Iczer-1 destroys her. In a final act, using the power of their synchronization and tapping into the ancient wish-granting machine, Iczer-1 is able to restore Earth to the way it was before the Cthulwulf attack. The Cthulwulf fade even from memory and Nagisa is left in the moment where she first appeared in the series, daydreaming and late for school. She briefly runs into Iczer-1 but does not know who she is. After saying farewell, Iczer-1 then leaves the Earth with the Cthulwulf ship to find a new homeworld.

==Characters==
- Iczer-1 (イクサー1, Ikusā 1)

- Nagisa Kanou (加納 渚, Kanō Nagisa)

- Sir Violet (サー・バイオレット, Sā Baioretto)

- Big Gold (ビッグゴールド, Biggu Gōrudo)

- Cobalt (コバルト, Kobaruto)

- Sepia (セピア, Sepia)

- Iczer-2 (イクサー2, Ikusā 2)

- Sayoko (小夜子)

- Mr. and Mrs. Kanō:

==Theme songs==
Act I Ending:
- Fight!! Iczer-1 (戦え!!イクサー1, Tatakae!! Ikusā 1)
  - Lyrics: Fumiko Okada
  - Composition: Michiaki Watanabe
  - Arrangement: Michiaki Watanabe
  - Artist: Miki Kakizawa

Act II Ending:
- Never Run Away
  - Lyrics: Fumiko Okada
  - Composition: Michiaki Watanabe
  - Arrangement: Michiaki Watanabe
  - Artist: Yuukou Kusonoki

Act III Ending:
- Eternal Iczer-1 (永遠のイクサー1, Eien no Ikusā 1)
  - Lyrics: Fumiko Okada
  - Composition: Michiaki Watanabe
  - Arrangement: Michiaki Watanabe
  - Artist: Miki Kakizawa

==Release guide==
Episode 1
- "Fight!! Iczer-1" (「戦え!!イクサー1」, Tatakae!! Ikusā 1)
  - VHS: October 19, 1985
  - Laser Disc: December 4, 1991

Episode 2
- "Fight!! Iczer-1 Act II: Iczer Sigma's Challenge" (「戦え!!イクサー1 ACT II イクサーΣの挑戦」, Tatakae!! Ikusā 1 ACT II: Ikusā Shiguma no Chōsen)
  - VHS: July 23, 1986
  - Laser Disc: January 10, 1992

"Making Of" Special Episode
- "Making Of Iczer1: Daydream" (「MAKING OF ICZER-1 デイドリーム」, Making Of Iczer-1 Deidorīmu)
  - VHS: December 20. 1986

Episode 3
- "Fight!! Iczer-1 Act.III: Concluding Volume" (「戦え!!イクサー1 ACT III 完結編」, Tatakae!! Ikusā 1 Act III: Kanketsu-hen)
  - VHS: March 4, 1987
  - Laser Disc: February 20, 1992

"Movie"
- "Fight!! Iczer-1 Special Compilation" (「戦え!!イクサー1 特別編」, Tatakae!! Ikusā 1 Tokubetsu-hen)
  - VHS: September 25, 1987
  - Laser Disc: September 25, 1987

Laser Disc Box Set
- "Fight!! Iczer-1 Battle Box" (戦え!!イクサー1 バトル・ボックス, Tatakae!! Ikusā 1 Batoru Bokkusu)
  - Laser Disc: May 25, 1998

DVD Release
- "Fight!! Iczer-1 Complete Collection" (戦え!!イクサー1 コンプリート・コレクション, Tatakae!! Ikusā 1 Konpurīto Korekushon)
  - DVD: November 24, 2000

- TV broadcast
In 2016, Television Kanagawa aired Fight!
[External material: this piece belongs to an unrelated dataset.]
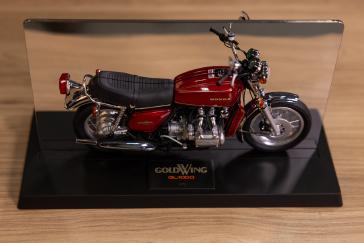 25 Honda Gold Wing Tabletop Model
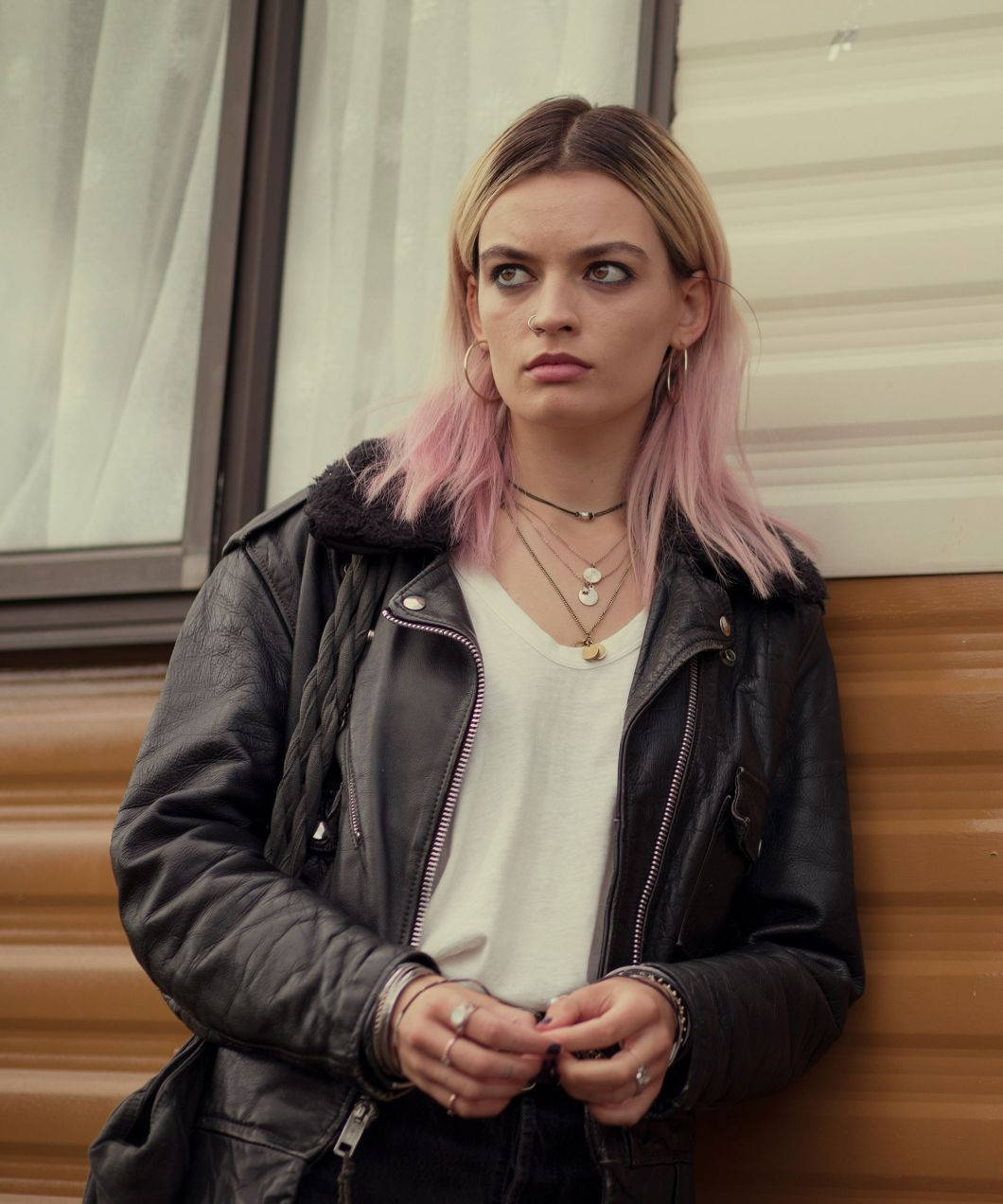 Maeve Wiley In Black Jacket, SD Phone Wallpaper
Iczer One to celebrate the 30th anniversary of the OVA series. To comply with censorship laws, the nudity was censored with black bars.

==Merchandise==
In February 2024, Good Smile Company released a non-scale model kit of Iczer Robo as part of their Moderoid line. Hasegawa Corporation released a 1/12 scale non-poseable model kit of Iczer One a month later.

==Video games==
- Iczer-1, Kanou Nagisa, and Iczer Robo make appearances in the Nintendo DS game Super Robot Taisen L for the Nintendo DS as playable ally units. Iczer-2, Iczer-Sigma, and Big Gold also make appearances as enemy units (Iczer-2 and Iczer Sigma become playable allies later in the game). Iczer-1 and Iczer-2 also have a combination attack with Iczer-3. Each of the Iczers alone on foot is comparable in power to two or three Real Robot units, with Iczer Robo and Iczer-Sigma able to match the likes of Mazinger Z and Getter Robo in power.